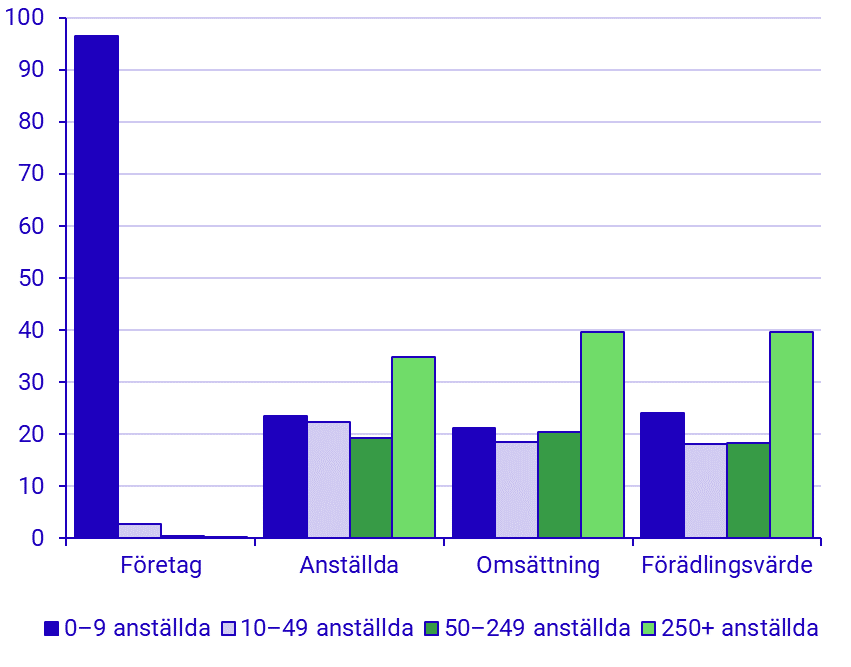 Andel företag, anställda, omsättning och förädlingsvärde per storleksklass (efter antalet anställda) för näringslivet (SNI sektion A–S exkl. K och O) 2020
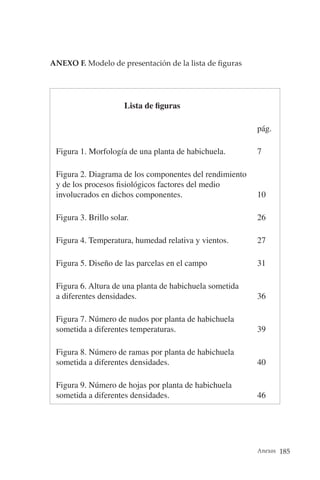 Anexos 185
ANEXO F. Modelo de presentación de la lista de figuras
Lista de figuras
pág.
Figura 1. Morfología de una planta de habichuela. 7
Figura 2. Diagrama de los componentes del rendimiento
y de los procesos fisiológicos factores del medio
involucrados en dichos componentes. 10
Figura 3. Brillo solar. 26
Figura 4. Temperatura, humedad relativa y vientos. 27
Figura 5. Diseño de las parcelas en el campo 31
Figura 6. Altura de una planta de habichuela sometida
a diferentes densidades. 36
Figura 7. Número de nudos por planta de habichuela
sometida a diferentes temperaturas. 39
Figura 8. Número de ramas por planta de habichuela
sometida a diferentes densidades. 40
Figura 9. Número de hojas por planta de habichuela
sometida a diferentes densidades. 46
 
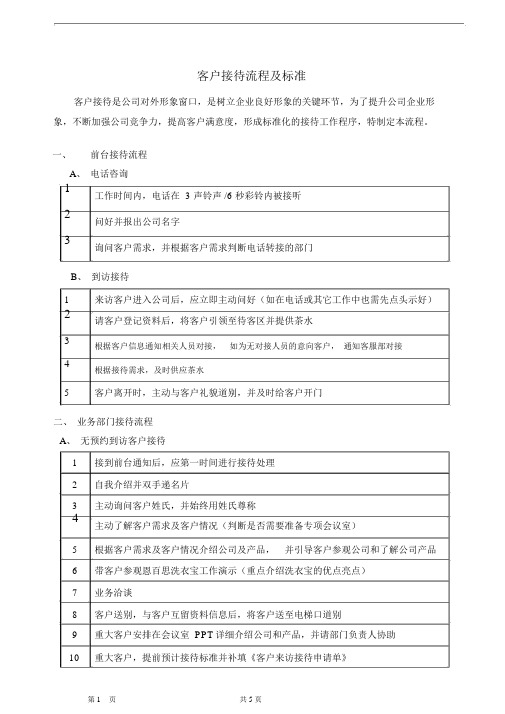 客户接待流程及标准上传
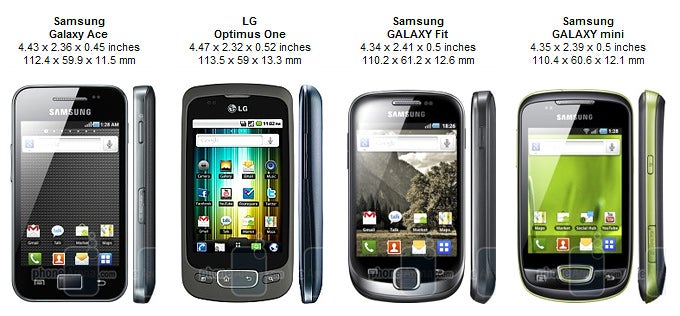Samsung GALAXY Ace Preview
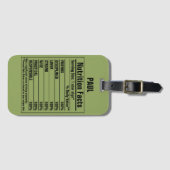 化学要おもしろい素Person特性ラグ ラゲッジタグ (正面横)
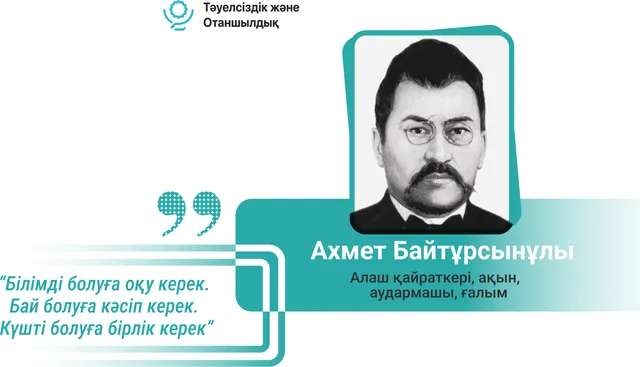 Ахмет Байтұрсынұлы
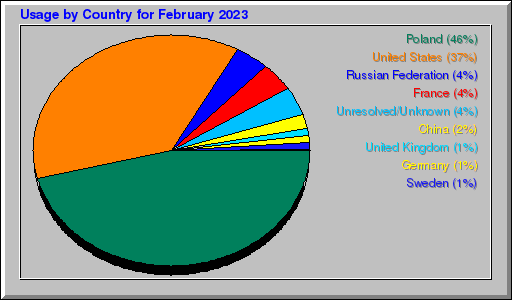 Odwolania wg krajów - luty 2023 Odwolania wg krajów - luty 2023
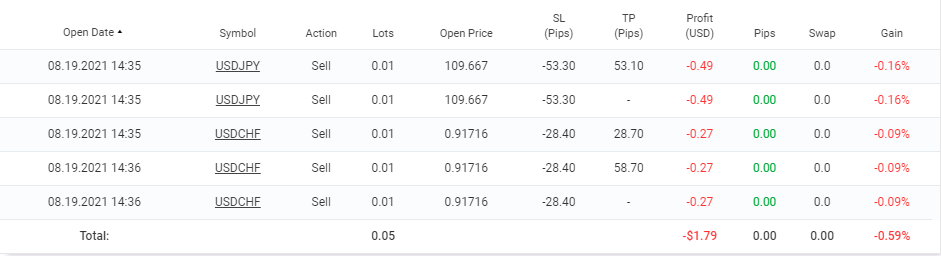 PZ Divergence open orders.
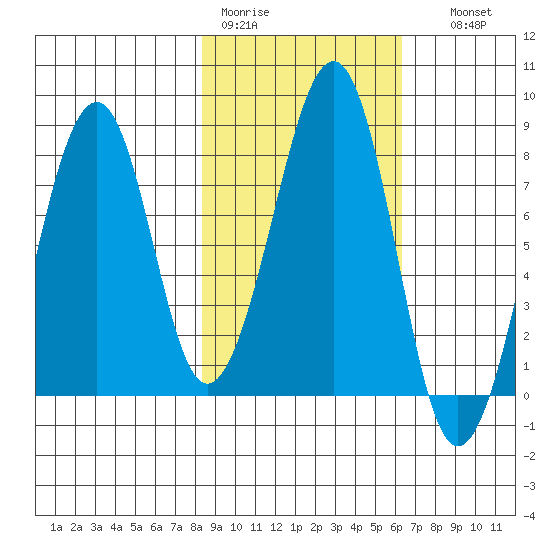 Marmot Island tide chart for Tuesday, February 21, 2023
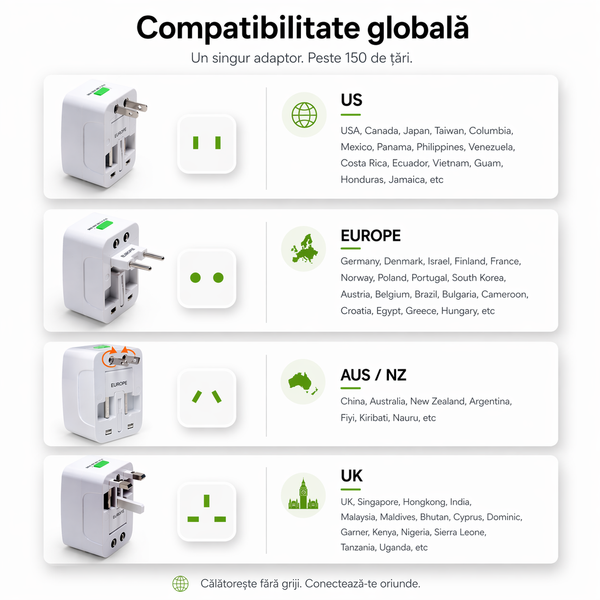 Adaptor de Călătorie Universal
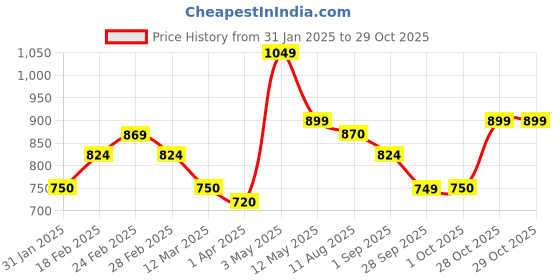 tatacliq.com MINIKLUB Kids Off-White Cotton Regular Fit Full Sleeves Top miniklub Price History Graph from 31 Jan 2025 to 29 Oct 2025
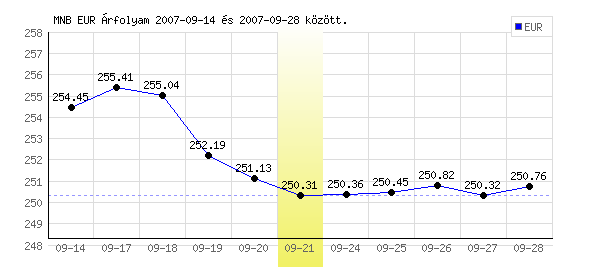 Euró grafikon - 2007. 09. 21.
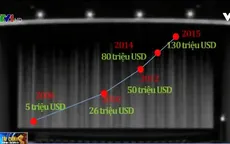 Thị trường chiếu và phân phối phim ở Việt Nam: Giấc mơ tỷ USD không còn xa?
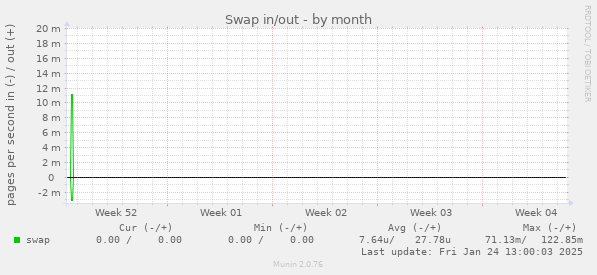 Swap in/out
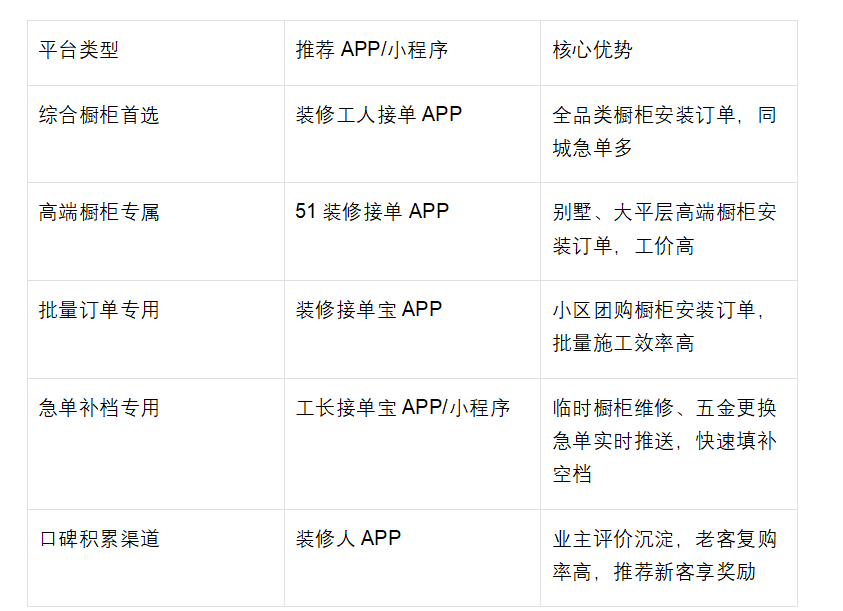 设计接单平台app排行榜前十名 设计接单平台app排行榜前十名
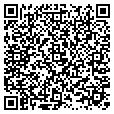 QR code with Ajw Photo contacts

Exercise goal: Skip every image and output the remaining records exactly.

Result below:
 Andel företag, anställda, omsättning och förädlingsvärde per storleksklass (efter antalet anställda) för näringslivet (SNI sektion A–S exkl. K och O) 2020
 Anexos 185
ANEXO F. Modelo de presentación de la lista de figuras
Lista de figuras
pág.
Figura 1. Morfología de una planta de habichuela. 7
Figura 2. Diagrama de los componentes del rendimiento
y de los procesos fisiológicos factores del medio
involucrados en dichos componentes. 10
Figura 3. Brillo solar. 26
Figura 4. Temperatura, humedad relativa y vientos. 27
Figura 5. Diseño de las parcelas en el campo 31
Figura 6. Altura de una planta de habichuela sometida
a diferentes densidades. 36
Figura 7. Número de nudos por planta de habichuela
sometida a diferentes temperaturas. 39
Figura 8. Número de ramas por planta de habichuela
sometida a diferentes densidades. 40
Figura 9. Número de hojas por planta de habichuela
sometida a diferentes densidades. 46
 
 客户接待流程及标准上传
Samsung GALAXY Ace Preview
 化学要おもしろい素Person特性ラグ ラゲッジタグ (正面横)
 Ахмет Байтұрсынұлы
 Odwolania wg krajów - luty 2023 Odwolania wg krajów - luty 2023
 PZ Divergence open orders.
 Marmot Island tide chart for Tuesday, February 21, 2023
 Adaptor de Călătorie Universal
 tatacliq.com MINIKLUB Kids Off-White Cotton Regular Fit Full Sleeves Top miniklub Price History Graph from 31 Jan 2025 to 29 Oct 2025
 Euró grafikon - 2007. 09. 21.
 Thị trường chiếu và phân phối phim ở Việt Nam: Giấc mơ tỷ USD không còn xa?
 Swap in/out
 设计接单平台app排行榜前十名 设计接单平台app排行榜前十名
 QR code with Ajw Photo contacts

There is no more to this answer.